● **Activity**: Your reply must contain exactly the lines running from the one with "Банка фарфор, 1.24" to the last line of the entries below, both included, and no other lines.

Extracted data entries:
┄┄┄┄┄┄┄┄┄┄

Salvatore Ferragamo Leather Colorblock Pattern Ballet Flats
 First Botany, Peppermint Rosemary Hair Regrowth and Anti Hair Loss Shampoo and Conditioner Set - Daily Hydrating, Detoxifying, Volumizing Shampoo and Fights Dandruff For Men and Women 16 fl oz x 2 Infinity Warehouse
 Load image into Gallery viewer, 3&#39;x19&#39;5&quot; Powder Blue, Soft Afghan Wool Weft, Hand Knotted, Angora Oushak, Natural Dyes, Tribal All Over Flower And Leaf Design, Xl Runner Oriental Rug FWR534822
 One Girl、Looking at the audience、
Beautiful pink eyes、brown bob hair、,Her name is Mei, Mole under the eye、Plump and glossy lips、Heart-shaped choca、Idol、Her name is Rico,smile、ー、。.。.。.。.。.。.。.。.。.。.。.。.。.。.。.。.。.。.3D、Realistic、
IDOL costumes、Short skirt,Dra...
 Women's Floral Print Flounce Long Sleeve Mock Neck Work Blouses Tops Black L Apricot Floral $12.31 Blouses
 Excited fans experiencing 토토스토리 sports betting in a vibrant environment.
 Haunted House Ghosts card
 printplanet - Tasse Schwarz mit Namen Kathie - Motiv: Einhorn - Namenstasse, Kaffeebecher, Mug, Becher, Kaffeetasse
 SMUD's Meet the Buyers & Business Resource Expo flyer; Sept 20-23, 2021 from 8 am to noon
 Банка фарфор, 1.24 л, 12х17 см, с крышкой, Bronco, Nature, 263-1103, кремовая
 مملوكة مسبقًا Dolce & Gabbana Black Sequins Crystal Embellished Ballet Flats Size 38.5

┄┄┄┄┄┄┄┄┄┄

● **Result of the task**:
 Банка фарфор, 1.24 л, 12х17 см, с крышкой, Bronco, Nature, 263-1103, кремовая
 مملوكة مسبقًا Dolce & Gabbana Black Sequins Crystal Embellished Ballet Flats Size 38.5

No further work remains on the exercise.